Этот последний словарь нужен для того, чтобы отучить людей от скудоумной и ломаной речи.
Мысль о том, чтобы собрать слова, имеющие отношение к природе, пришла мне в голову в тот день, когда на луговом озерце я услышал, как хрипловатая девочка перечисляла разные травы и цветы.
Словарь этот будет, конечно, толковым. Каждое слово должно быть объяснено, и после него следует помещать несколько отрывков из книг писателей, поэтов и ученых, имеющих научное или поэтическое касательство к этому слову.
Например, после слова «сосулька» можно напечатать отрывок из Пришвина:
«Повислые под кручей частые длинные корни деревьев теперь под темными сводами берега превратились в сосульки и, нарастая больше и больше, достигли воды. И когда ветерок, даже самый ласковый, весенний, волновал воду и маленькие волны достигали под кручей концов сосулек, то волновали их, они качались, стуча друг о друга, звенели, и этот звук был первый звук весны, эолова арфа».
А после слова «сентябрь» хорошо бы напечатать отрывок из Баратынского:
И вот сентябрь! Замедля свой восход,
Сияньем хладным солнце блещет,
И луч его в зерцале зыбких вод
Неясным золотом трепещет.
Думая об этих словарях, особенно о словаре «природных» слов, я делил его на разделы: слова «лесные», «полевые», «луговые», слова о временах года, о метеорологических явлениях, о воде, реках и озерах, растениях и животных.

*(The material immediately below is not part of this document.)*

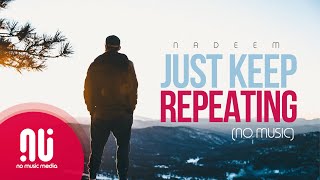 Just Keep Repeating - Latest NO MUSIC Version | Nadeem Mohammed (Lyrics)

Я понимал, что такой словарь нужно составить так, чтобы его можно было читать, как книгу. Тогда он давал бы представление как о нашей природе, так и о широких богатствах языка.
Конечно, эта работа была бы не под силу одному человеку. У него не хватило бы на нее всей жизни.
Каждый раз, когда я думал об этом словаре, мне хотелось сбросить со счета лет двадцать, чтобы, конечно, не самому составлять такой словарь — для этого у меня не было познаний, — но хотя бы участвовать в работе над ним.
Я даже начал делать кое-какие записи для этого словаря, но, как водится, растерял. Восстановить же их по памяти почти невозможно.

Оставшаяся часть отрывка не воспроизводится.